[Collected data entries]
+++

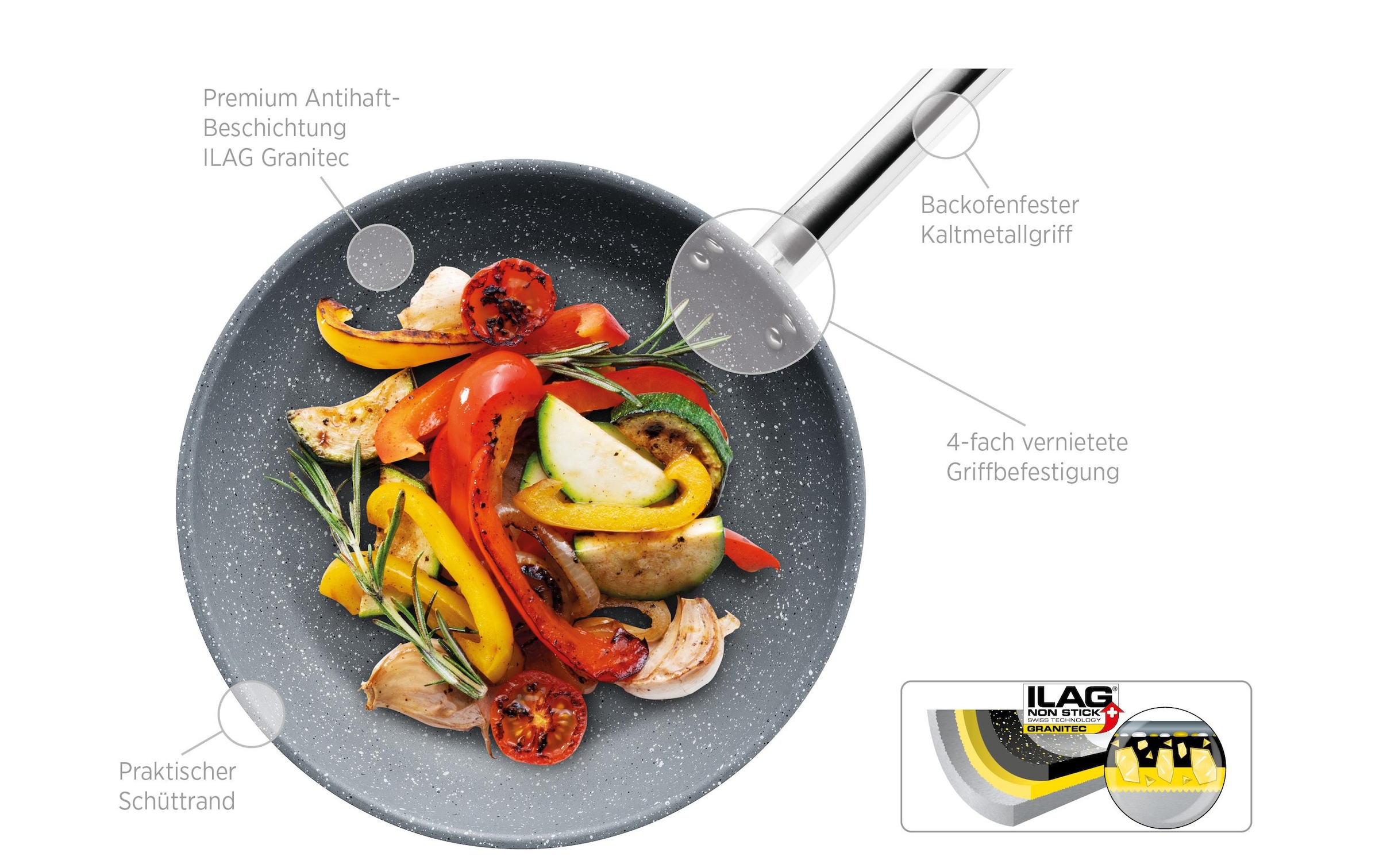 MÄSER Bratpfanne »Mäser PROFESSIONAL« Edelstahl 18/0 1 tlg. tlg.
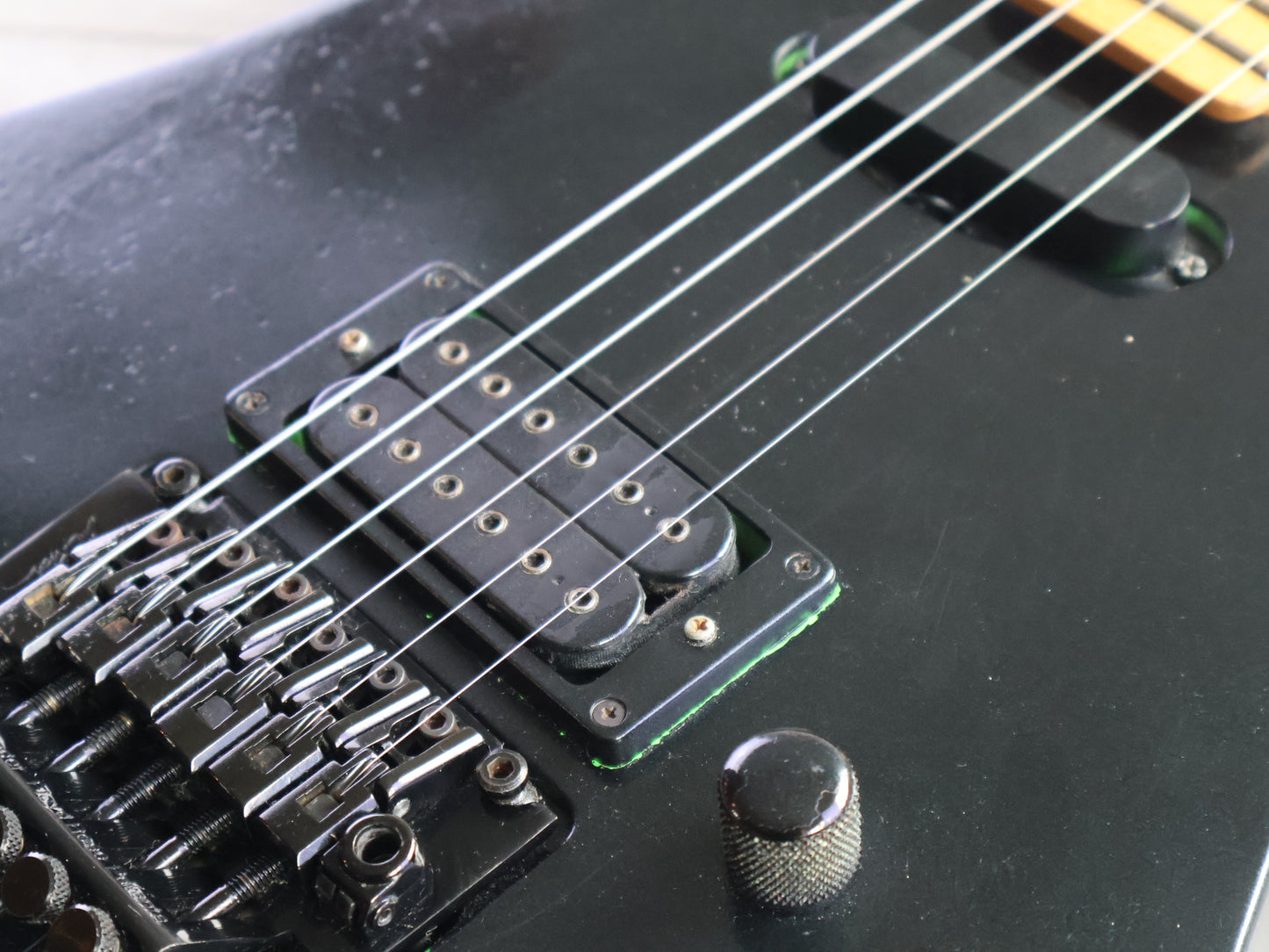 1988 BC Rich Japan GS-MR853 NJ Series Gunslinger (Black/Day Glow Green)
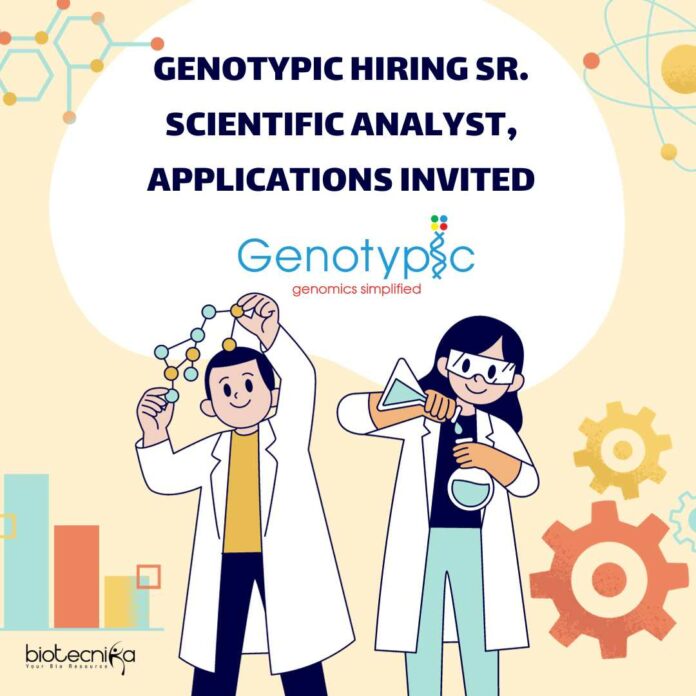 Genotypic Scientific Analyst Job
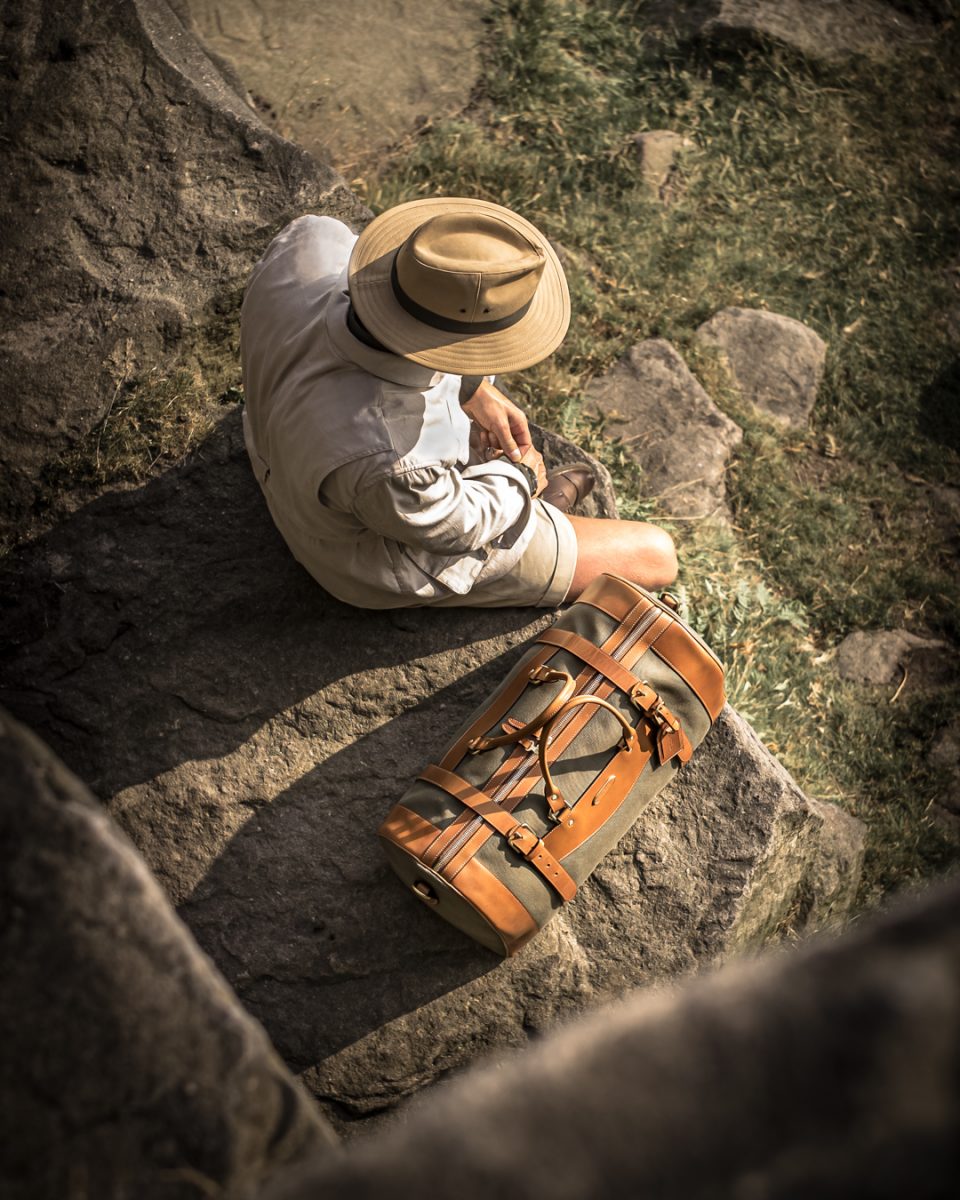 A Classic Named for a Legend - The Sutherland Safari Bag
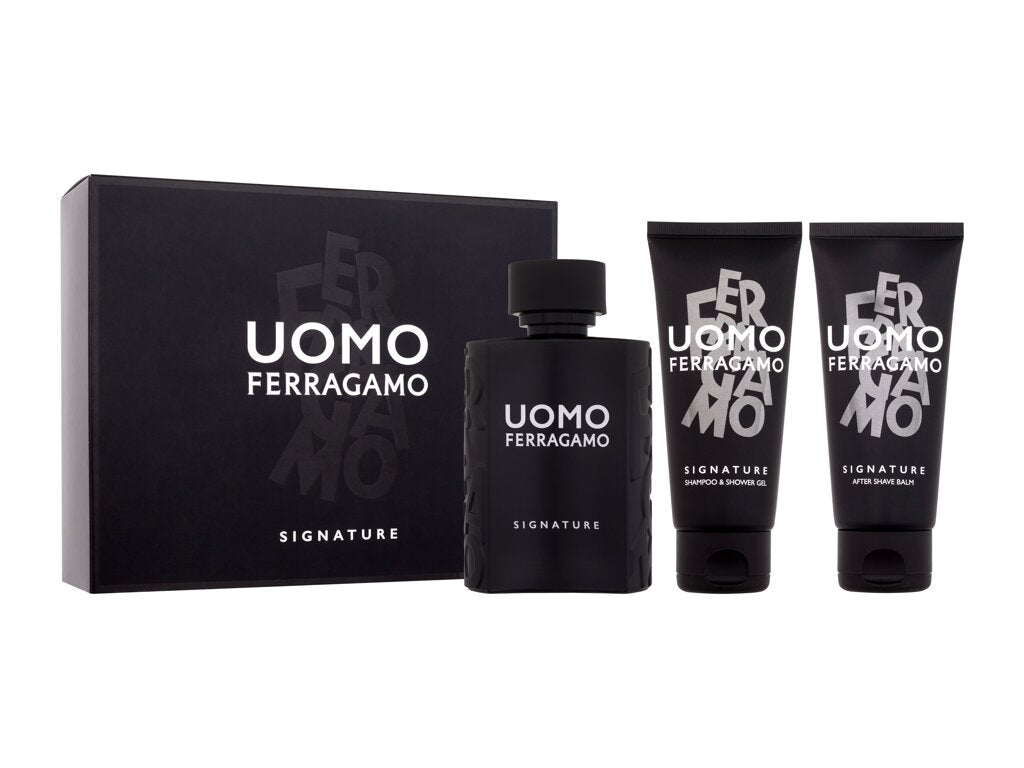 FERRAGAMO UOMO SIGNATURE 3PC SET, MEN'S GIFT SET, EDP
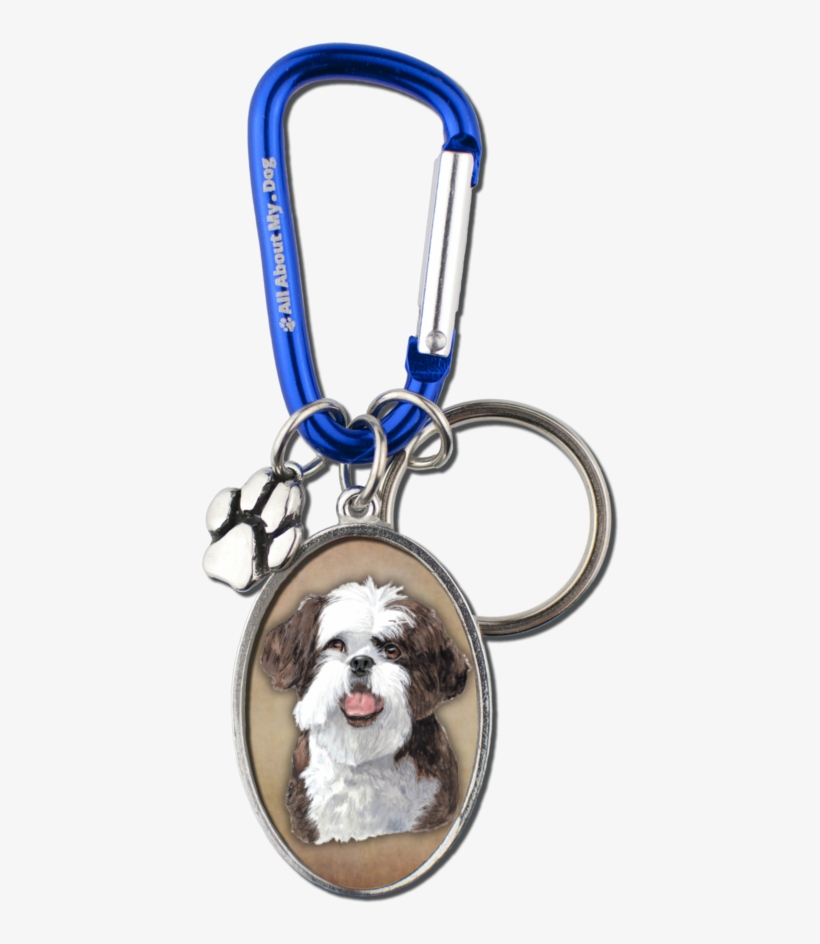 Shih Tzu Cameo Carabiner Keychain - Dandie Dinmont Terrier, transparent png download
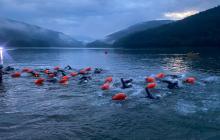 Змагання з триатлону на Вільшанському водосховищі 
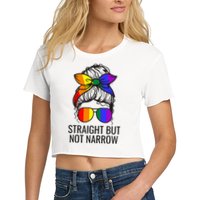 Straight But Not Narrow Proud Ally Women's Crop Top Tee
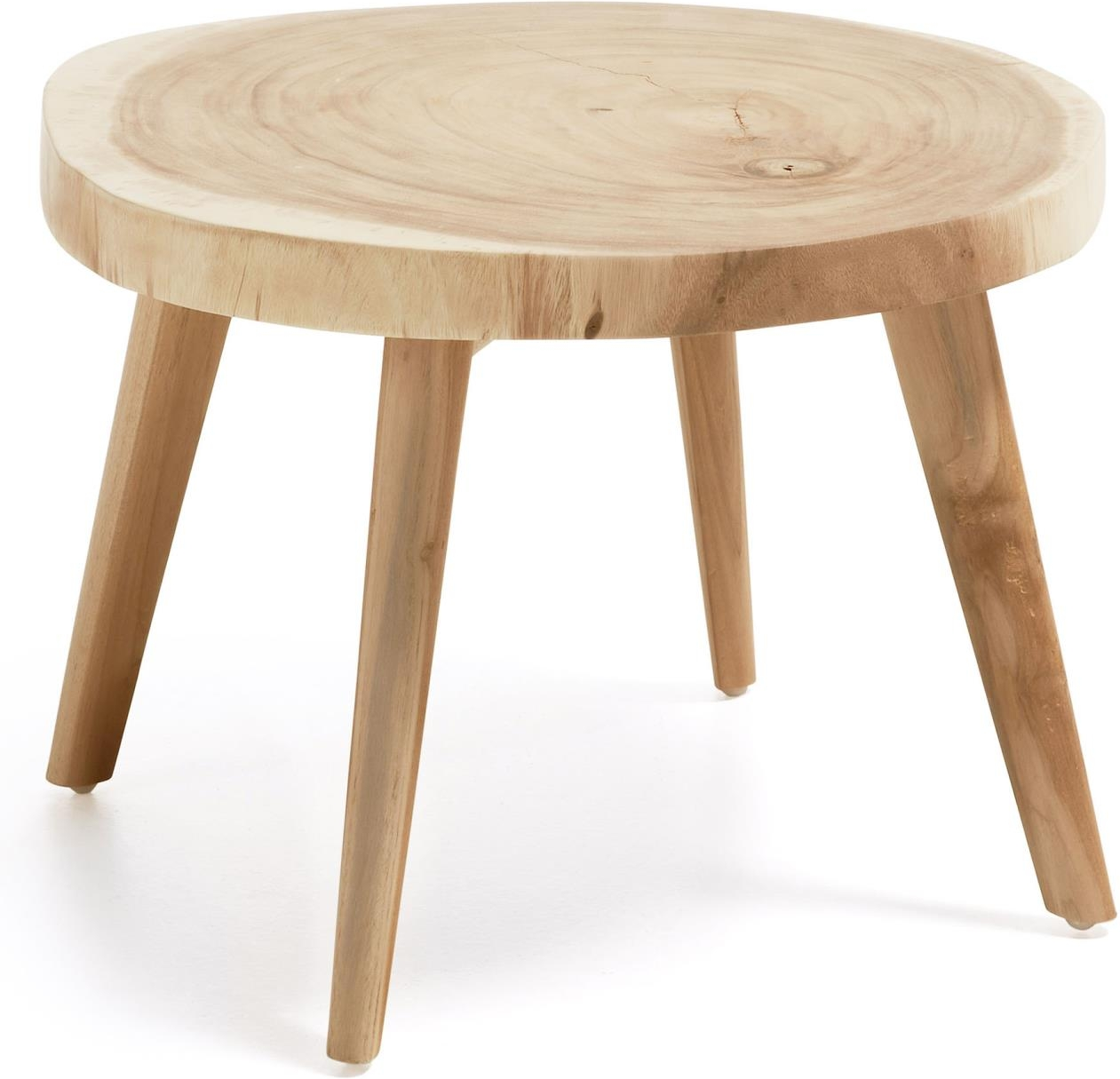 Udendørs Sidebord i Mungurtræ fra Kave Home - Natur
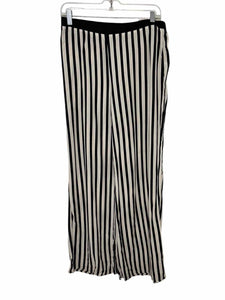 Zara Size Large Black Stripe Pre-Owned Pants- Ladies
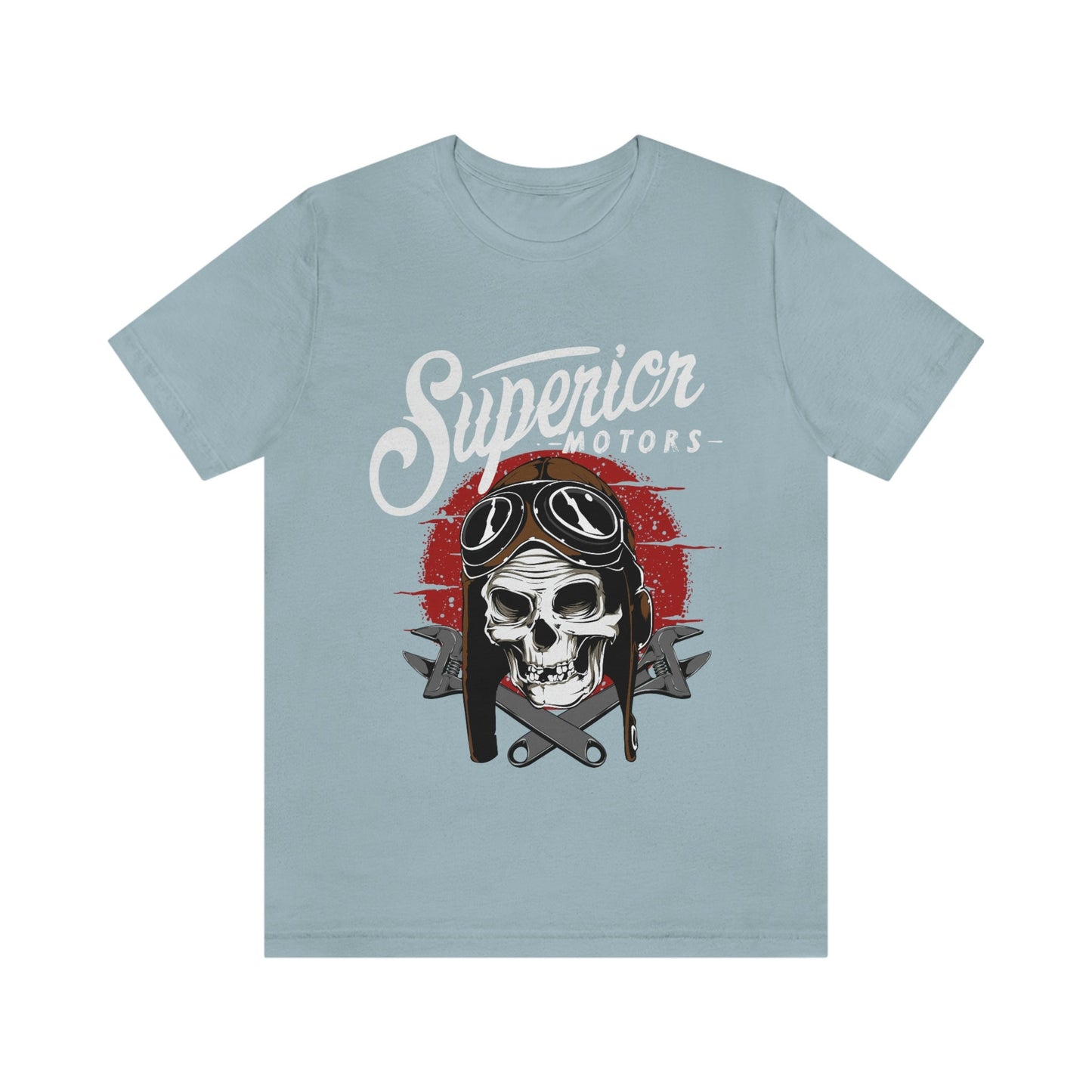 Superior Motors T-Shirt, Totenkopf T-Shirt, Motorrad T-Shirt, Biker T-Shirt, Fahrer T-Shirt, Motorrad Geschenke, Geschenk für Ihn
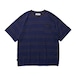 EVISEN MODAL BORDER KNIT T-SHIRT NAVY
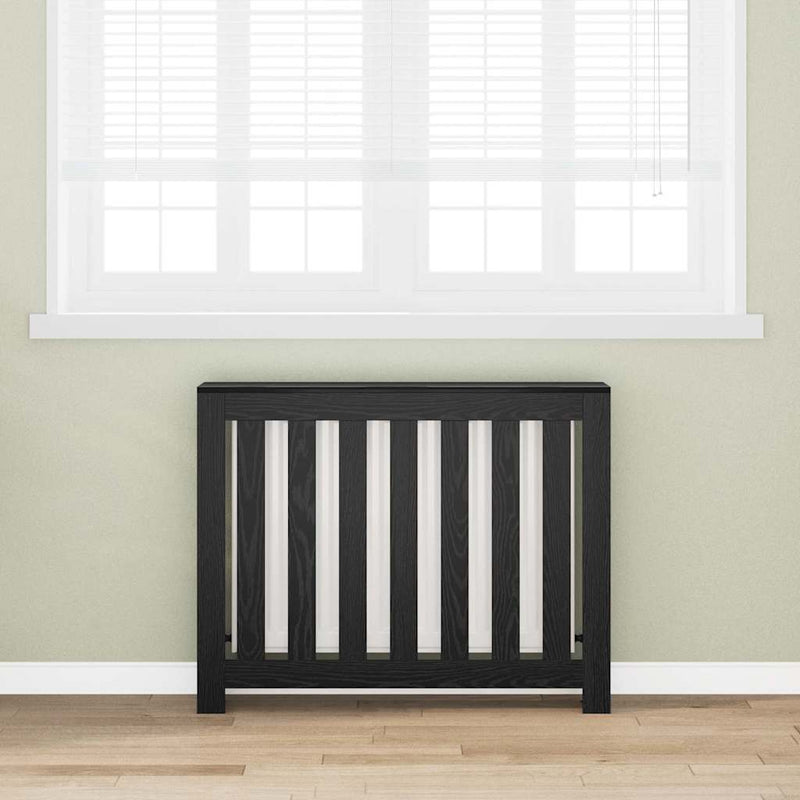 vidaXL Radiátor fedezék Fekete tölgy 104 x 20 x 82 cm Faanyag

+++

What to do ▸ In the records above, locate the line containing "Zara Size Large", then copy exactly that line and every line after it through the end, omitting pictures.

Answer box ▸
 Zara Size Large Black Stripe Pre-Owned Pants- Ladies
 Superior Motors T-Shirt, Totenkopf T-Shirt, Motorrad T-Shirt, Biker T-Shirt, Fahrer T-Shirt, Motorrad Geschenke, Geschenk für Ihn
 EVISEN MODAL BORDER KNIT T-SHIRT NAVY
 vidaXL Radiátor fedezék Fekete tölgy 104 x 20 x 82 cm Faanyag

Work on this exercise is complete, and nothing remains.